Diplomatic letters addressed to Heraclius, Khosrow II, and al-Muqawqis were delivered during the Prophet’s lifetime and corroborated by both Islamic hadith collections and Western historians like Edward Gibbon, whose secular account confirms the Prophet’s outreach to world leaders.
The Halhul funerary inscription, dated 55 AH and preserved in Palestine, shows Islam’s complete Shahada carved in early Kufic script within one generation of the Prophet’s death — evidence that his community, his creed, and his name endured in stone across the known world.
Frequently Asked Questions
Is there any non-Muslim historical source that confirms Prophet Muhammad existed?
Edward Gibbon — the foremost British historian of the Roman Empire — documented Prophet Muhammad’s correspondence with Heraclius and Khosrow II in The History of the Decline and Fall of the Roman Empire (Volume 5, pp. 73–77). Gibbon’s secular account confirms that a figure from Mecca dispatched diplomatic letters to world powers and accurately predicted the eventual Roman victory over Persia — a prediction the historian himself described as extraordinary given the military circumstances of the time. Byzantine sources also record Heraclius’s direct engagement with the Prophet’s letter.
Where are the Prophet’s letters to world leaders preserved today?
The Prophet’s letter to al-Muqawqis, the Byzantine governor of Egypt, is preserved in the Topkapi Museum in Istanbul, Turkey — a state institution whose holdings are subject to ongoing scholarly study. The letters to Heraclius and Khosrow II are documented in Sahih Bukhari and corroborated in external historical sources. The letter texts are internally consistent across multiple chains of transmission, which Islamic hadith methodology — one of the most rigorous historical verification systems of the pre-modern world — considers a marker of authenticity.
Do these inscriptions predate the Umayyad period?
Yes. The Jabal Sal’ inscriptions date to the Prophet’s own lifetime (c. 625 CE), more than thirty years before the Umayyad Caliphate began in 661 CE. This directly refutes the claim — common among Orientalist scholars — that Islamic historical sources were fabricated or systematically shaped during the Umayyad era.
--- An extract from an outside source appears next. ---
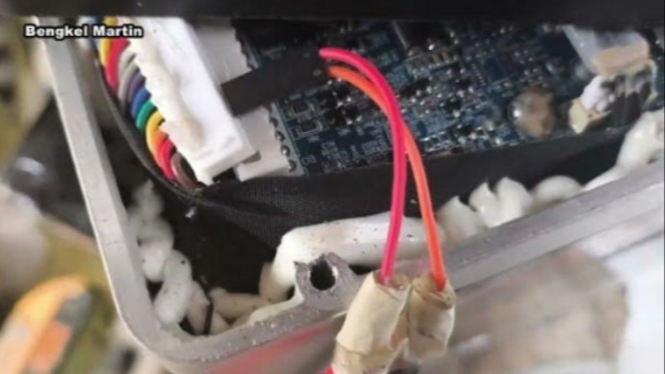 Baterai motor listrik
Stone inscriptions cannot be retroactively altered.
What does the Halhul inscription prove archaeologically?
The Halhul funerary inscription, dated 55 AH / 675 CE and discovered in Palestine, proves three things: that the full Islamic Shahada was in active use within one generation of the Prophet’s death; that early Kufic script — evolved from the Hijazi script of the Prophet’s era — was already being used for formal religious inscriptions across the Levant; and that Islamic identity, grounded in monotheism and the prophethood of Muhammad, had become a defining framework for Muslim communities from Arabia to Palestine within decades of the Prophet’s passing.